● **Exercise**:
Please copy, exactly as they appear below, the lines from the one containing "Used 2025 Kia Telluride AWD image 45" through the one containing "5c3307e6787d8463a8fc79ff".

● **Information supplied**:
*** Block opens ***
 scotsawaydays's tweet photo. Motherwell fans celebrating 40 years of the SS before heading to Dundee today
*** Block closes ***
*** Block opens ***
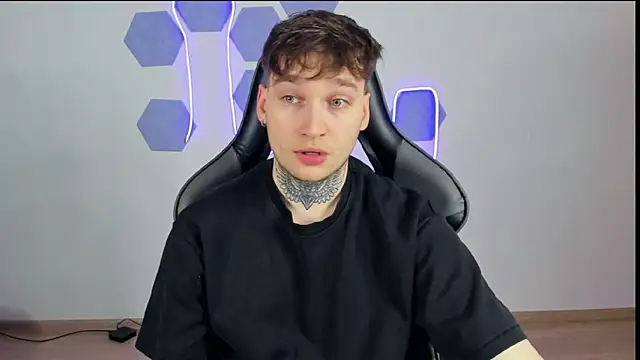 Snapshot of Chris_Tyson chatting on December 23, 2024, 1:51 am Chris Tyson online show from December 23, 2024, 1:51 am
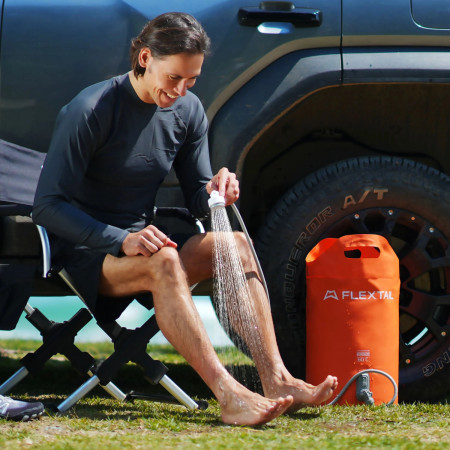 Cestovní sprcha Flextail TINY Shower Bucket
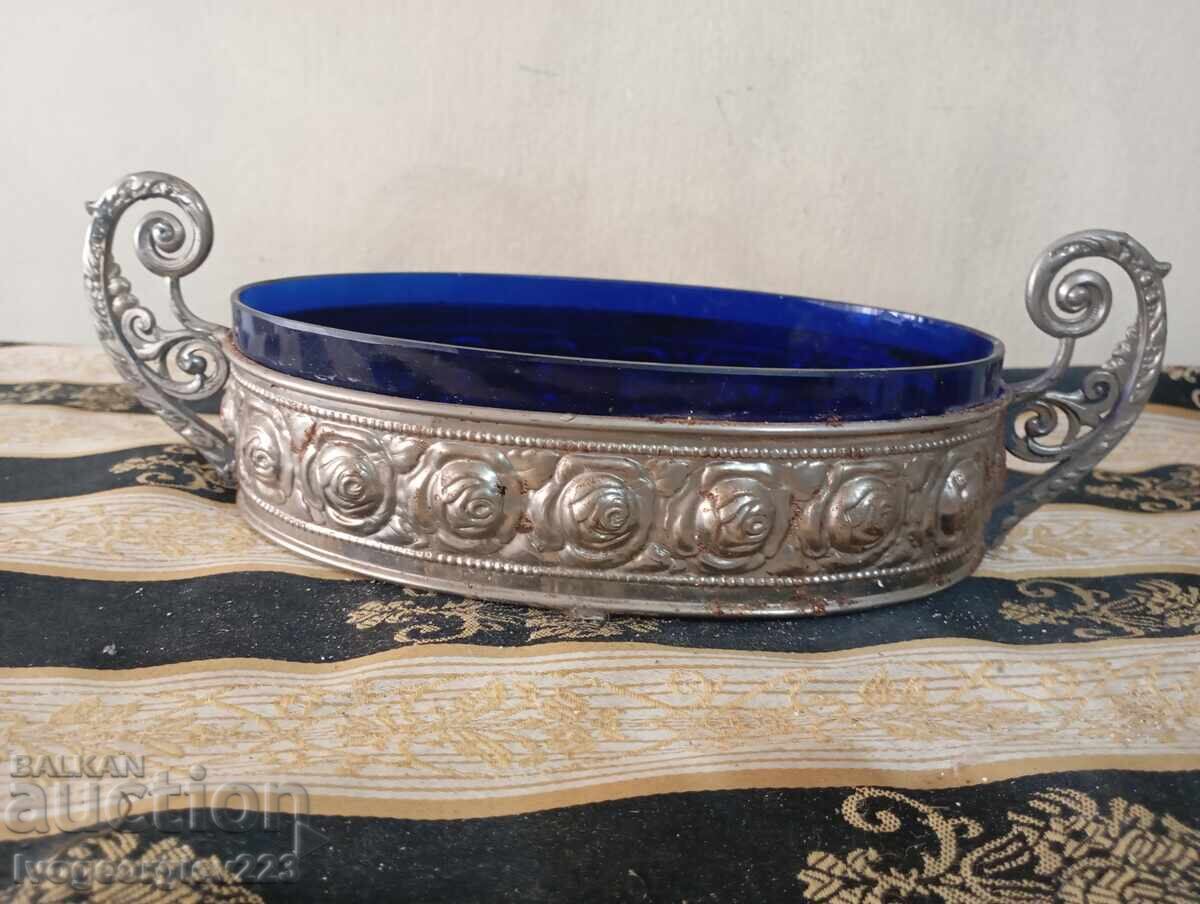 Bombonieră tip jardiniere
*** Block closes ***
*** Block opens ***
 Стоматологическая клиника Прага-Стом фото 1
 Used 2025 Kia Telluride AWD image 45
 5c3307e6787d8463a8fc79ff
*** Block closes ***
● **Written answer**:
 Used 2025 Kia Telluride AWD image 45
 5c3307e6787d8463a8fc79ff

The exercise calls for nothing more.